E M Delafield will be enduringly remembered for that most quintessential book of English humour: Diary of a Provincial Lady. It is a classic so beloved that it has remained in print since its first publication in 1930, and is one —or so Rachel Johnson wrote reviewing a recent reissue— that falls into “the incomparable canon of books alongside The Diary of a Nobody, Lucky Jim and Mapp and Lucia, that invite the English to laugh at themselves.”
What seldom appears in accounts of Delafield, however, which tend to focus almost entirely on her novels (particularly Diary and its three successors), was her prodigious output as a freelance contributor to periodicals and newspapers like Time and Tide (where the Provincial Lady first appeared), Woman’s Journal, Good Housekeeping, The Radio Times, The Sketch and The Times. Even rarer is any mention of her decade-long association with another English – Delafield would perhaps have wittily skewered the word ‘British’ – icon, Punch magazine.

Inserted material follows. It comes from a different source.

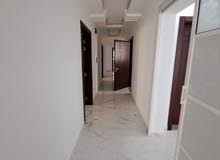 شقة جديدة واسعة شقة واحدة في كل طابق نظام عربي ومجلس مدخل منفصل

Yet Delafield contributed almost four hundred pieces to Punch from the end of 1932 until her untimely death in December 1943.
One memorial tribute that highlighted her work in Punch appeared (suitably) in English, the magazine of the English Association, to whose Plymouth branch Delafield had lectured. The article maintains that it was the four Provincial Lady books, combined with her contributions to the magazine, which made Delafield’s distinctive place in English literature, noting:
“Many Punch readers have realized since her death that it was the article by E. M. D. that instinctively they read first each week when Punch arrived, and they did not realize till now, when those articles have ceased, what a blank their absence would leave. That fact is typical of E. M. Delafield’s art: so exactly did she express the sense of humour of her age, so lifelike were the personified portraits she drew… that one was inclined to take her gifts for granted, and to mistake for photography what, in fact, amounted to genuine, if modest, genius.”
How did Delafield’s connection with Punch begin? The illustrator of the first book version of Diary of a Provincial Lady was Arthur Watts, at the time one of Punch’s most distinctive cartoonists, but Watts was an old friend – his wife Marjorie was the daughter of Catherine Amy Dawson Scott (Mrs Sappho), a mentor of Delafield’s since 1917. Marjorie recalled Delafield as “the one writer friend of Sappho’s whom we all liked and we thought her one of the most delightful, sympathetic and beautiful young women we had ever met – tall and dark and stately.” Dawson Scott was in the habit of writing encouraging letters to young authors whose work she particularly liked, and inviting them to tea. After the publication of her novel Zella Sees Herself, Delafield was the recipient of not only a warm review from Dawson Scott in Bookman, but an invitation to tea. Delafield accepted, and ‘Mrs Sappho’ remained a friend. The same year that Dawson Scott and Delafield met, ‘Mrs Sappho’ started the To-Morrow Club, aimed at bringing up-and-coming writers together with established authors and other important players in the industry, like literary agents and publishers. The most long-lasting of Dawson Scott’s efforts, however, was the PEN Club, still active today in supporting writers worldwide. Delafield was a member of both.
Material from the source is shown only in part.